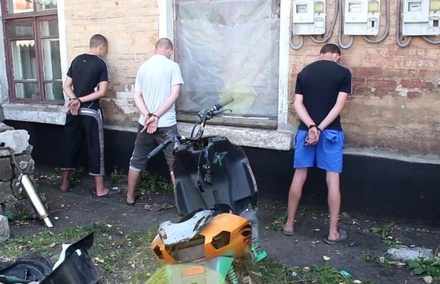 В сети появилось видео задержания в ДНР подростков-диверсантов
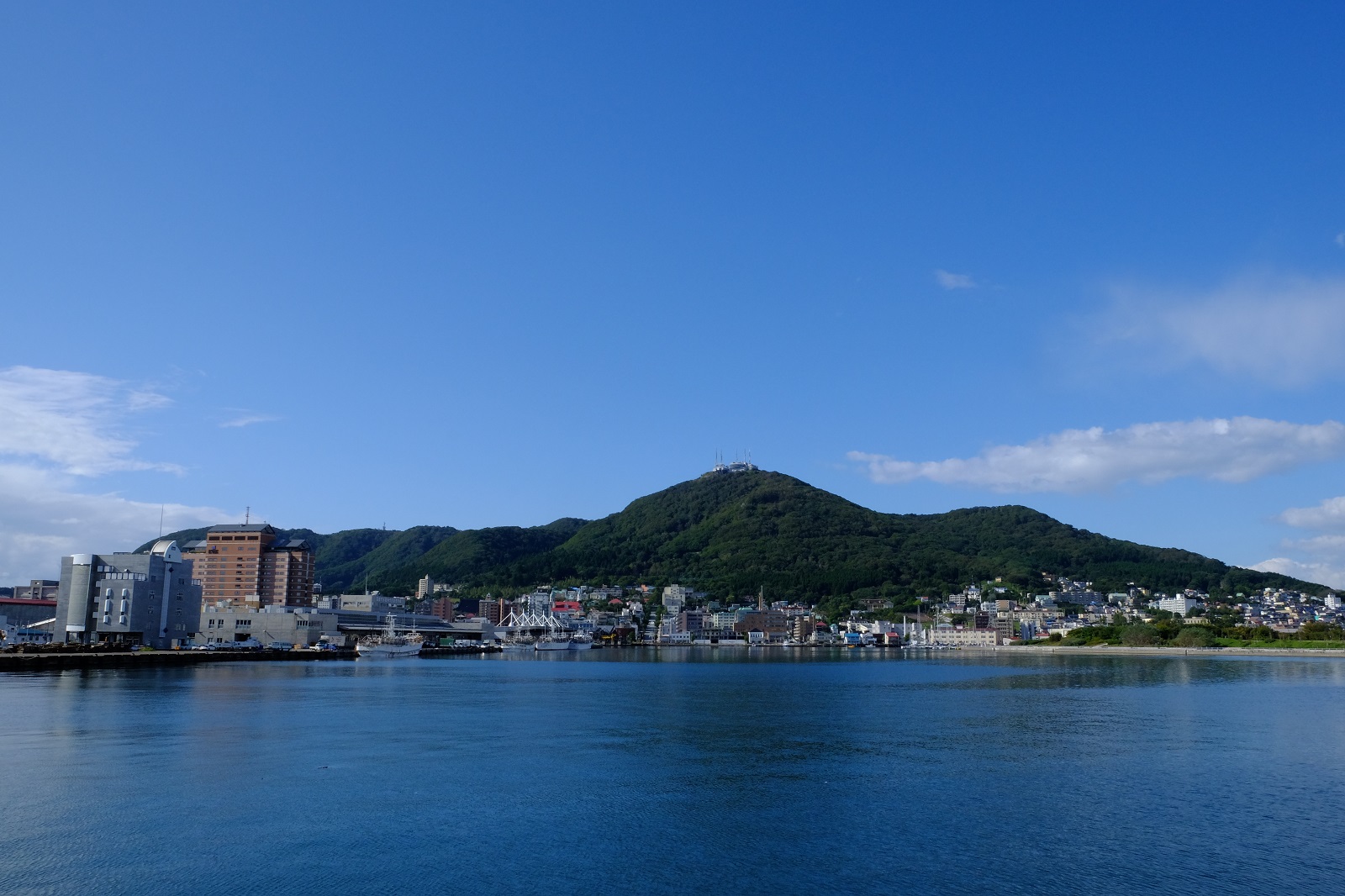 Mt_Hakodate_&_The_Hakodate_port-1_l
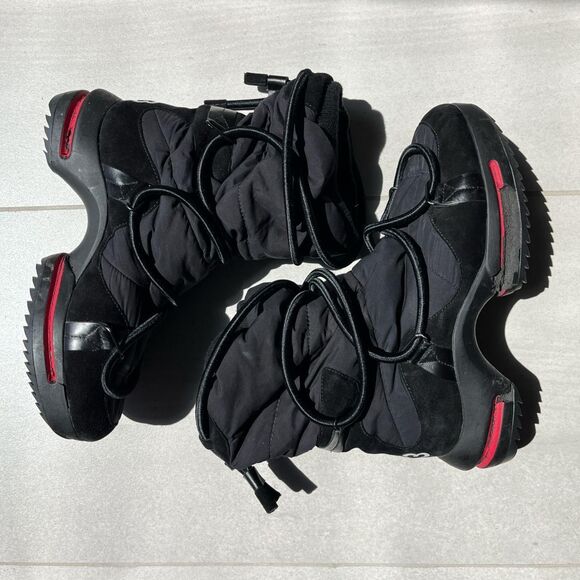 Y3 Women's Black and Grey Boots - Picture 1 of 3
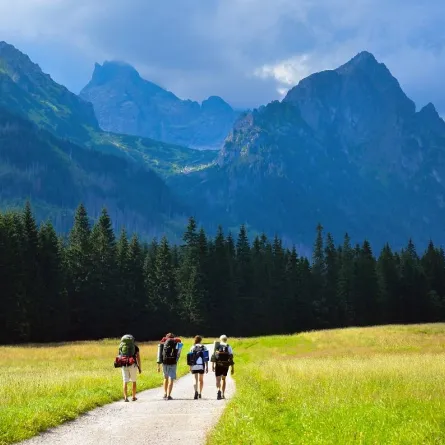 نصائح لتكوين صداقات جديدة أثناء السفر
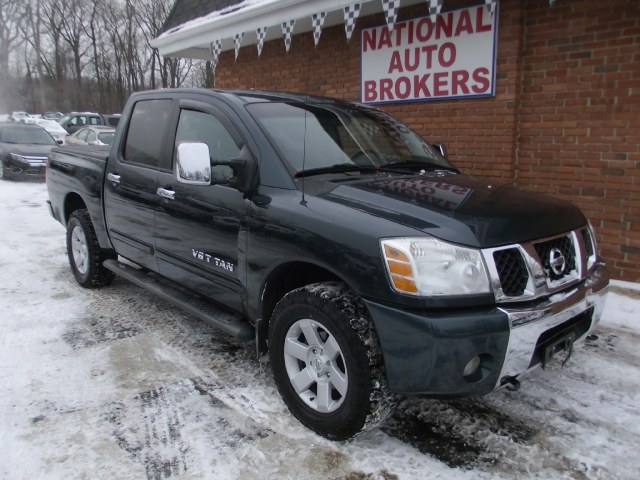 2006 Nissan Titan LE Crew Cab 4WD, available for sale in Waterbury, Connecticut | National Auto Brokers, Inc.. Waterbury, Connecticut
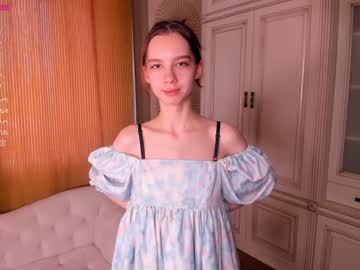 girl
        happiness_call cam image #882006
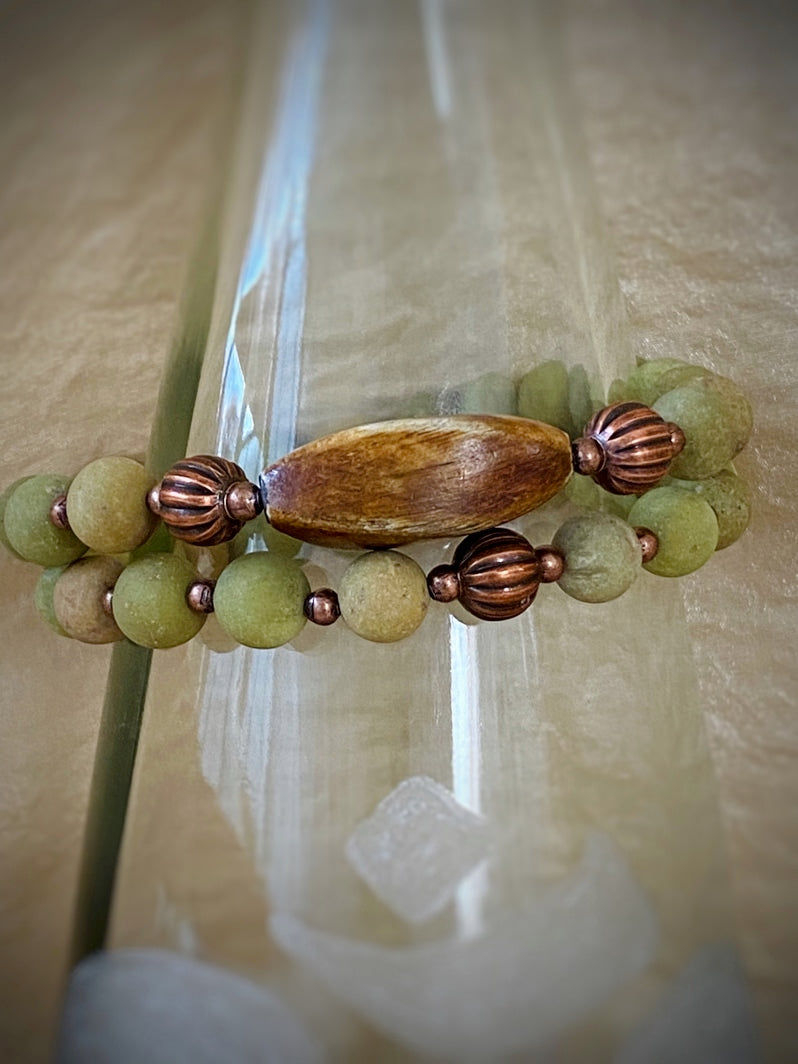 A489 - Olivgrüner Opal mit Hornperle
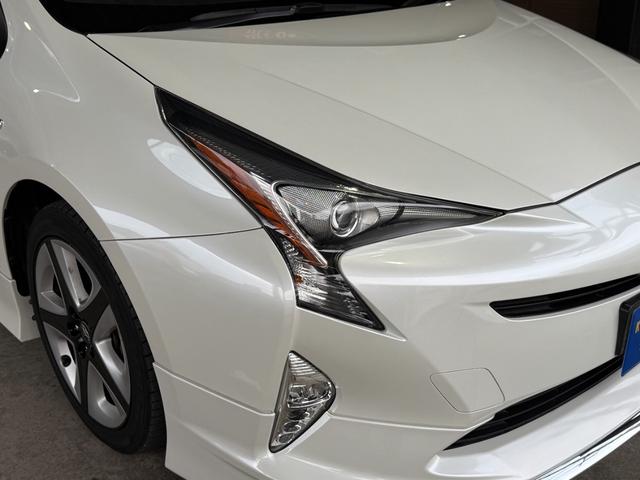 プリウス Sツーリングセレクション モデリスタフルエアロ/ALPINE9インチナビ/BLUETOOTH/バックカメラ/ETC/レザーシート/シートヒーター/社外プリウス専用ハンドル/禁煙車/全国対応/コーティング施工(19枚目)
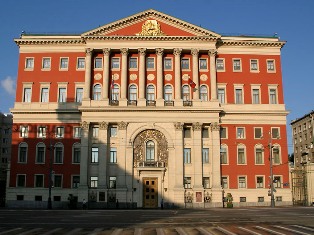 Аноним сообщил о бомбе заложенной в мэрии Москвы
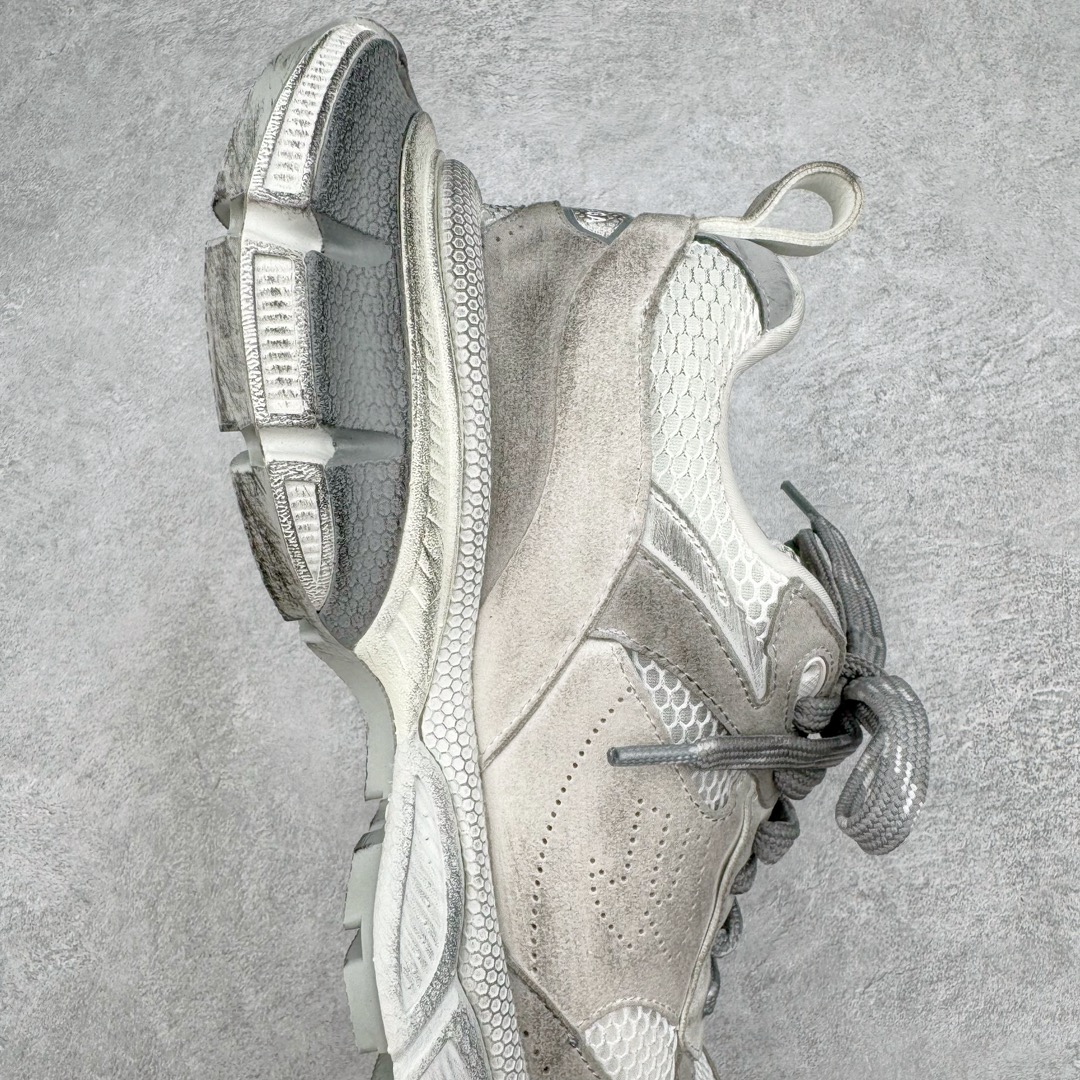 图片[6]-＃XA BALENCIAGA 3XL Sneakers 巴黎世家十代网布系带低帮走秀复古老爹鞋 全套原纸板楦头开发 最原汁原味的灵魂版型 全鞋荧光划线卡点 胶水把控整洁度追求极致完美 每一双都是工艺品 多重QC质检 超越公司货的品控标准 实实在在的免检产品 原盒原配 正确字体电绣 粗细、位置、大小正确 侧边TPU 透气孔匹配意产原版 正确分离大底 TPU软底 原版一致大底LOGO 立体感十足 原厂皮料水洗做旧 采购原厂网纱 不含皮革 网布材料和聚氨酯 磨损效果 鞋头边缘和后帮 Balenciaga 徽标 鞋面和后跟凸印尺码 鞋舌 3XL 橡胶品牌标识和反光细节 鞋帮拉袢和鞋舌拉祥 配反光细节 备用鞋带在鞋履前侧 可在穿着前取下 便于不同造型搭配 正常尺码 尺码：35 36 37 38 39 40 41 42 43 44 45 46-选品中心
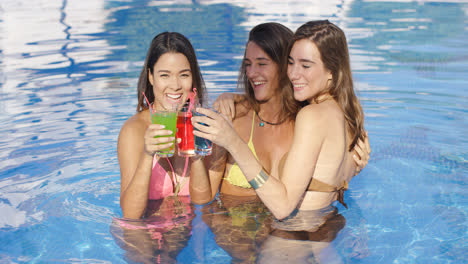 Drei-Glückliche-Sexy-Freundinnen-In-Einem-Pool
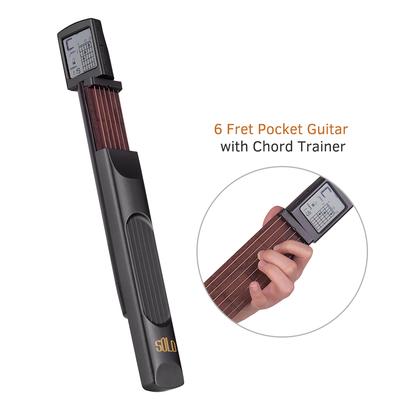 Trenažér akordů na 6strunnou kapesní kytaru Nástroj pro cvičení lidové kytary Gadget 6 pražců s otočnými akordy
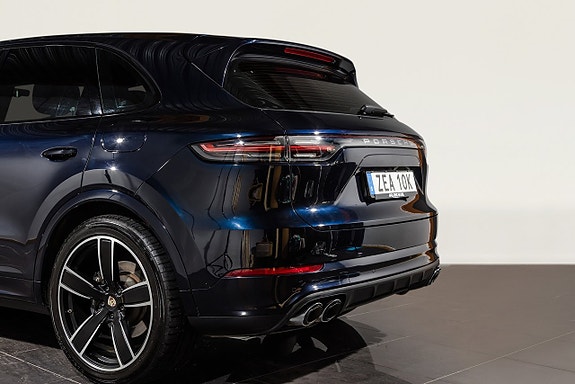 Porsche Cayenne 8 of 30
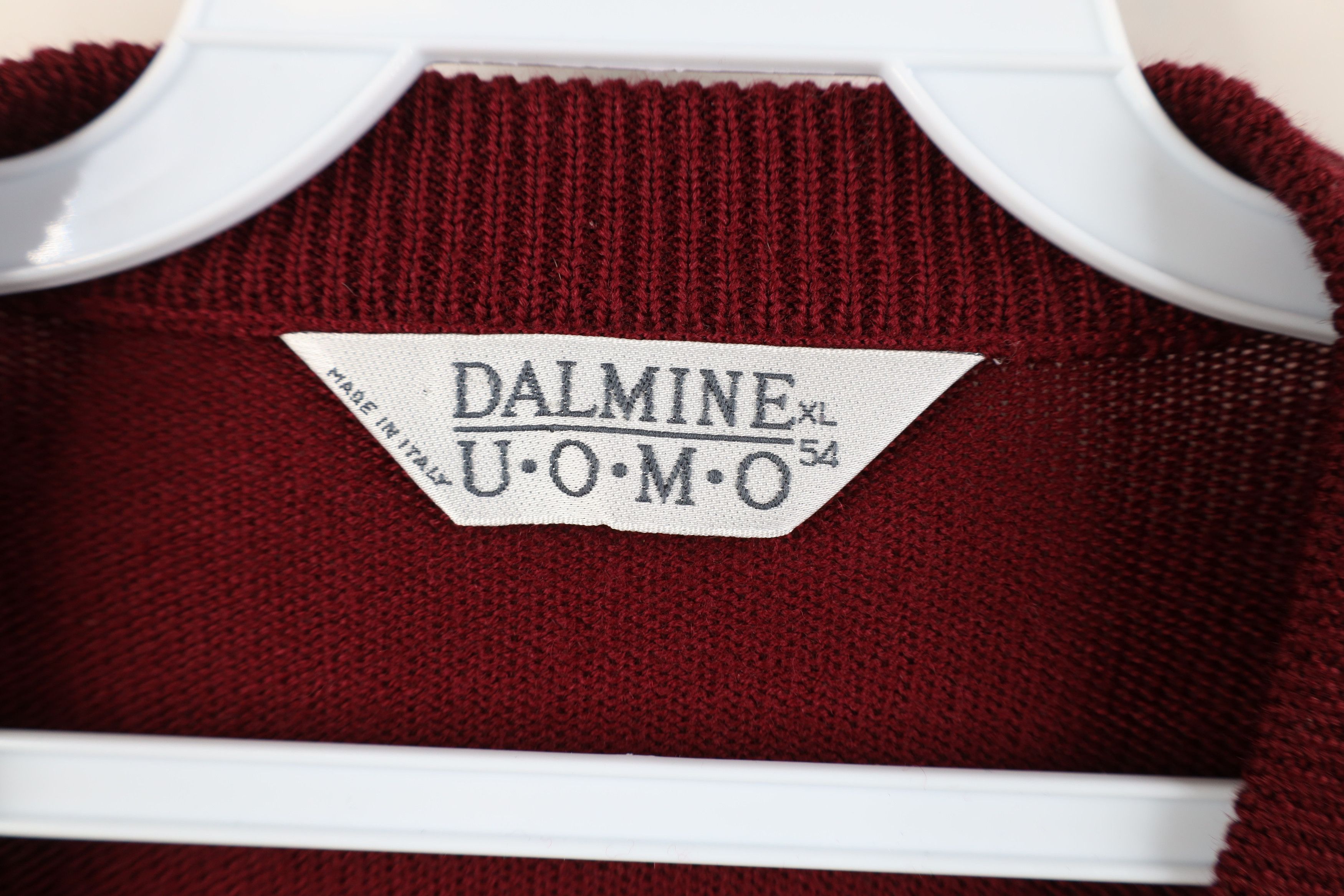 Vintage Vintage 90s Streetwear Wool Knit V-Neck Sweater Red Italy Size US XL / EU 56 / 4 - 6 Thumbnail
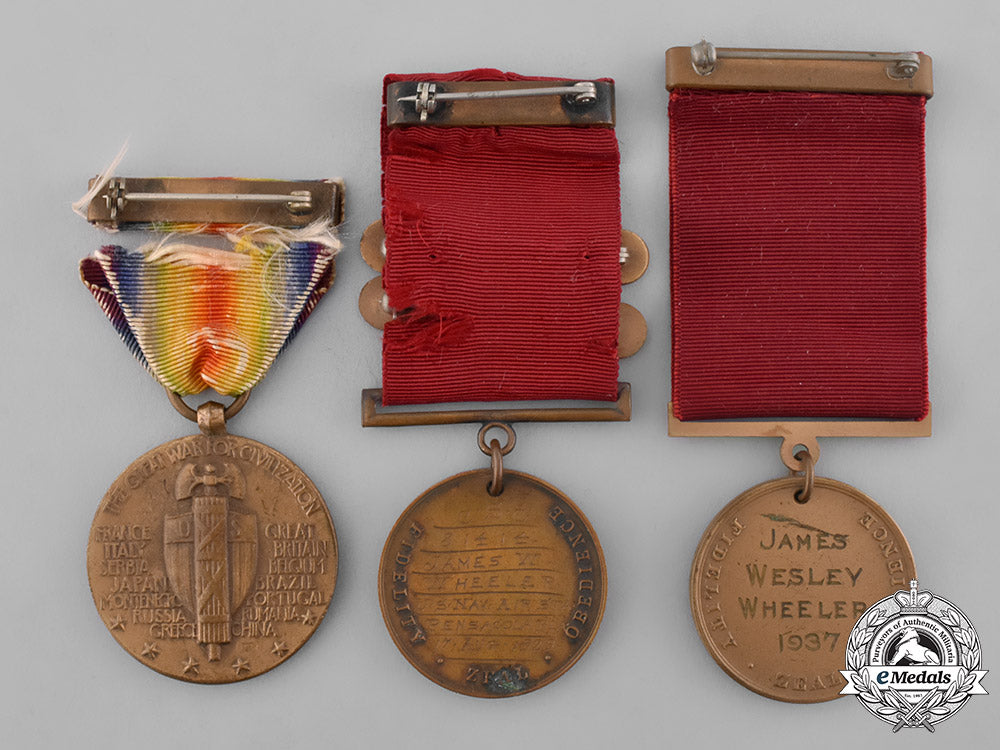 united_states._a_lot_of_first_and_second_world_war_medals_and_insignia_to_james_wesley_wheeler_m19_0859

• • • • • • •

* [Exercise instructions]:
What belongs in the answer is each line above from the line with "Y3 Women's Black" to the line with "Аноним сообщил о", inclusive, reproduced exactly and free of pictures.

* [Expected answer]:
 Y3 Women's Black and Grey Boots - Picture 1 of 3
 نصائح لتكوين صداقات جديدة أثناء السفر
 2006 Nissan Titan LE Crew Cab 4WD, available for sale in Waterbury, Connecticut | National Auto Brokers, Inc.. Waterbury, Connecticut
 girl
        happiness_call cam image #882006
 A489 - Olivgrüner Opal mit Hornperle
 プリウス Sツーリングセレクション モデリスタフルエアロ/ALPINE9インチナビ/BLUETOOTH/バックカメラ/ETC/レザーシート/シートヒーター/社外プリウス専用ハンドル/禁煙車/全国対応/コーティング施工(19枚目)
 Аноним сообщил о бомбе заложенной в мэрии Москвы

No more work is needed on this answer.